Subscription for Property Agreement dated July 16, 2014 between CLS Labs, Inc. and Raymond Keller

EX-10.10 13 ex10-10.htm EX-10.10 ex10-10.htm
Exhibit 10.10
 
SUBSCRIPTION AGREEMENT
 
THE UNDERSIGNED ( “Subscriber”) hereby subscribes for and agrees to purchase from RJF Labs, Inc, a Nevada corporation (the Corporation"), 100 shares of the capital stock, no par value, of the Corporation (the "Shares"), for the following consideration:
 
All right, title and interest in and to Subscriber’s proprietary process and related know-how for the extraction of cannabinoids from cannabis by assignment of rights in form and substance substantially similar to Exhibit A attached hereto (the "Assignment of Property Rights").

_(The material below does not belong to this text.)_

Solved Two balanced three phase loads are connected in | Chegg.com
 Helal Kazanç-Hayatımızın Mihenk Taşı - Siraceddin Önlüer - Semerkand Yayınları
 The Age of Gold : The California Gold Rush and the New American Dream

The consideration for the shares shall be tendered by delivery herewith of an executed Assignment of Property Rights, together with an executed Form W-9, a copy of which is attached hereto as Exhibit B.  The Subscriber agrees that the Shares will be issued effective July 15, 2014.

The Subscriber hereby acknowledges the representations and warranties set forth in that certain Investment Letter executed in connection with the Subscriber's purchase of the Shares, a copy of which is attached hereto as Exhibit C and incorporated by reference herein.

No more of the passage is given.